Once again, today is Worldwide NET Cancer Day, a day set aside to increase awareness of neuroendocrine (NET) cancers and to promote improved diagnostics, treatments, information, care and research. As a patient who has been living with this cancer for the past nine years, this is, of course, very close to my heart.

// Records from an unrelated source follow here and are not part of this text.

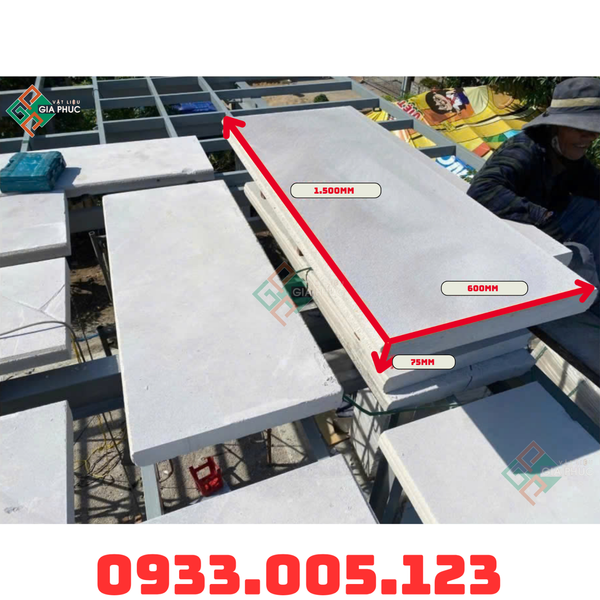 TẤM BÊ TÔNG NHẸ CHƯNG KHÍ ÁP ALC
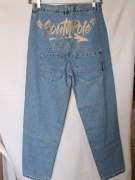 Spodnie Southpole Heritage Baggy Jeans M Y2K Nowe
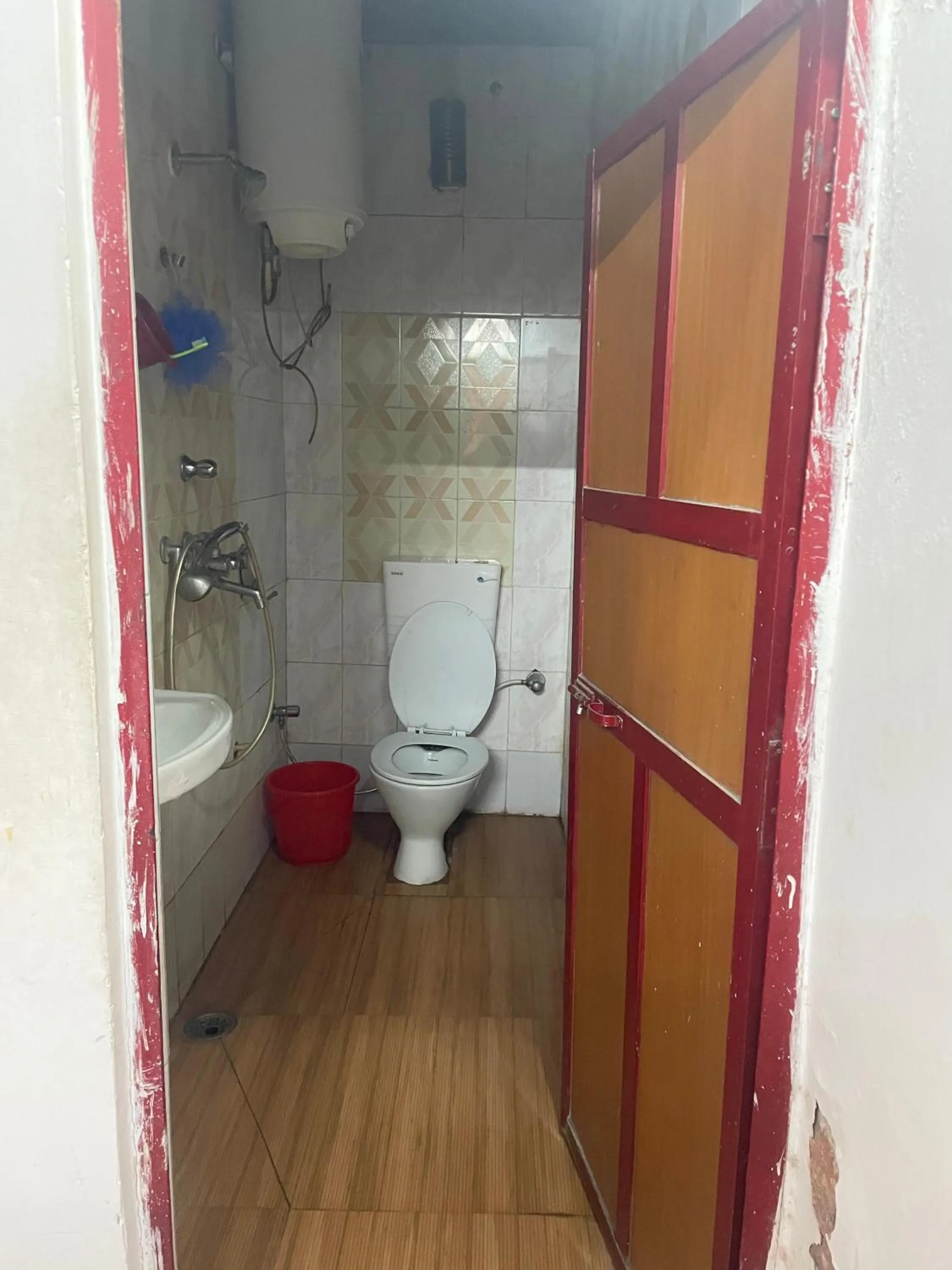 Bathroom in Shri Guest House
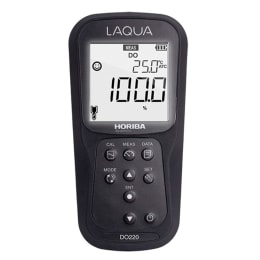 フィールド型ポータブル水質計 D-220D 溶存酸素メータ 本体のみ 3200816289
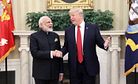 Modi Courts Trump With Flying Colors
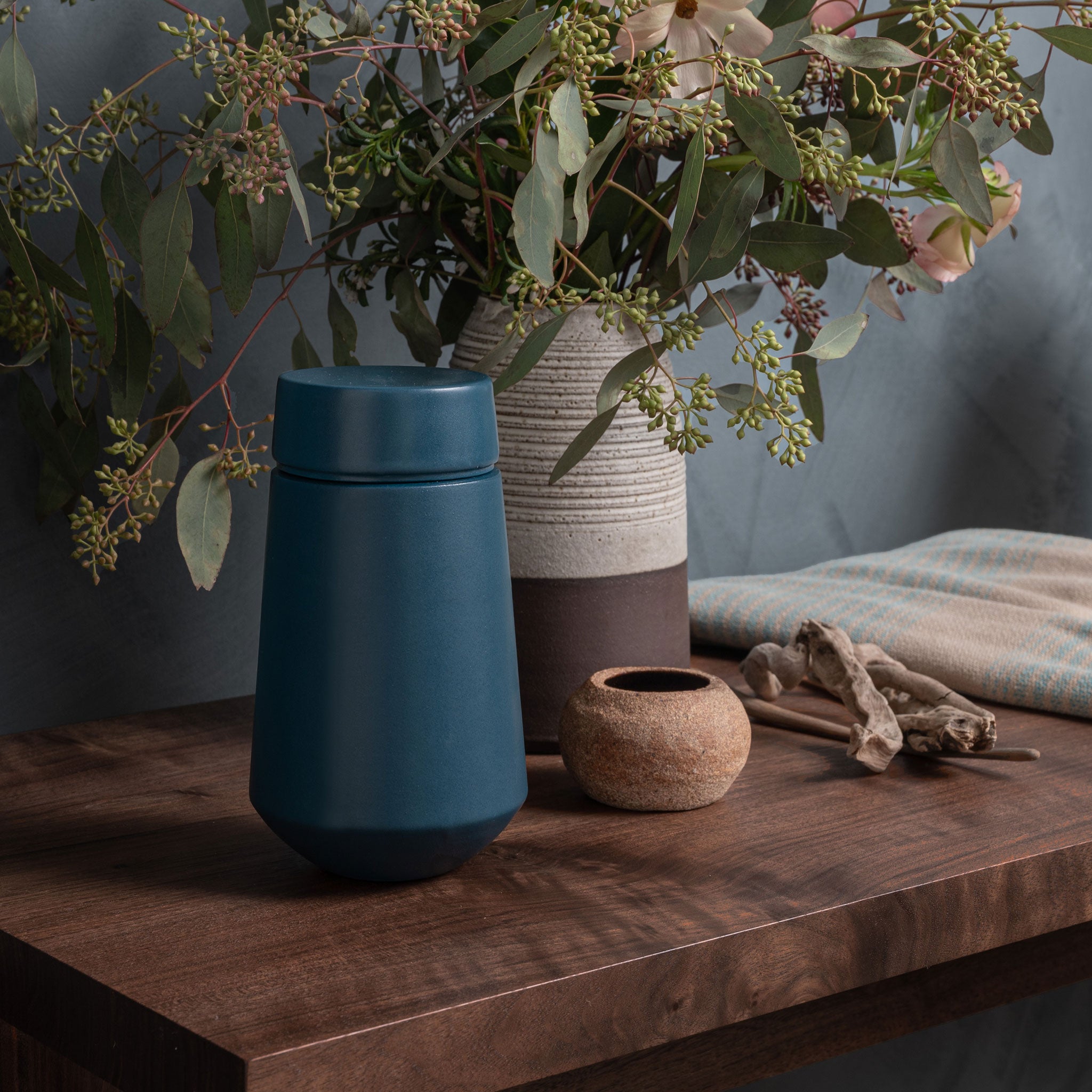 The Aegis Urn in Blue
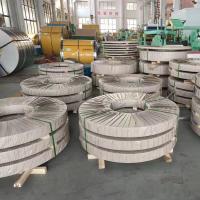 AISI430 BA bandes d'acier inoxydable épaisseur 0,3 - 2,0 mm rouleau d'acier inoxydable de recuit lumineux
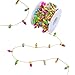 Gloreyan Mini Dollhouse Christmas Lights Fake String Lights Xmas Decoration for Christmas Dollhouse Craft Fairy Garden Accessories197 inch - Image 2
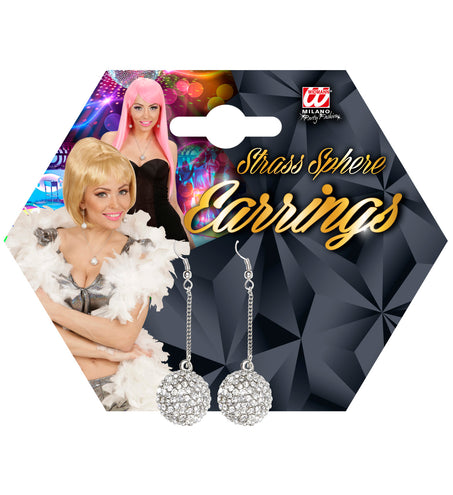 Widmann SRL Oorbellen met zilveren bolletjes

Once again this year, we are urging people to

Know the symptoms.

Push for diagnosis. 

Less than 30% of neuroendocrine cancer patients receive a correct diagnosis the first time they reach out for help. In fact, it often takes five to ten years from onset of symptoms to correct diagnosis. During that time, of course, the cancer quietly spreads.

Here are some facts about neuroendocrine cancer:

• NETs are a unique group of cancers that arise from neuroendocrine cells and can be found in many organs of the body.
• NETs generally affect people over the age of 50, but not always.
• Symptoms of NETs vary and are often non-specific due to their ability to secrete an excess of different hormones.
• Symptoms depend on the organ where the tumour is located and may include abdominal pain, diarrhea, nausea and vomiting, weight loss, skin flushing, chest pain, coughing, wheezing, shortness of breath, and/or back pain. 
• As a distinct class of tumours, NETs require specialized tests and treatments.
• NETs are often found unexpectedly during unrelated medical procedures or imaging tests.
• NETs are the second most common cancer of the digestive tract.
• Gastrointestinal NETs are often found in the appendix, colon, and rectum, but can also affect the stomach and small intestine.
• Lung NETs comprise 20 to 25% of all invasive lung tumours.
• The incidence and prevalence of pancreatic NETs (the form of neuroendocrine cancer that claimed the lives of Steve Jobs and Aretha Franklin) have been steadily increasing over time and now comprise about 7% of all pancreatic cancers.
• Merkel Cell Carcinoma, a rare skin cancer, is a form of neuroendocrine cancer.

One of the most important things I’ve learned since my diagnosis is how important it is to advocate for yourself. Know your body. Know what’s normal for you. Pay attention when something feels off. Take note of unusual symptoms and talk to your doctor as soon as possible. If you don’t get the answers you’re looking for, PUSH! Don’t give up.

Thankfully, at this point, my cancer is stable. Constant surveillance is important though, so I’ll be having CT scans and other tests again next month. In the meantime, since hubby’s diagnosis with prostate cancer this summer, my health has temporarily taken a back seat. Now that his name is on the five to six month waiting list for robotic prostate surgery, we’re breathing a sigh of relief and getting on with life. Though there is no cure for me, I continue to trust that I’m not dying of NETs, I’m living with it!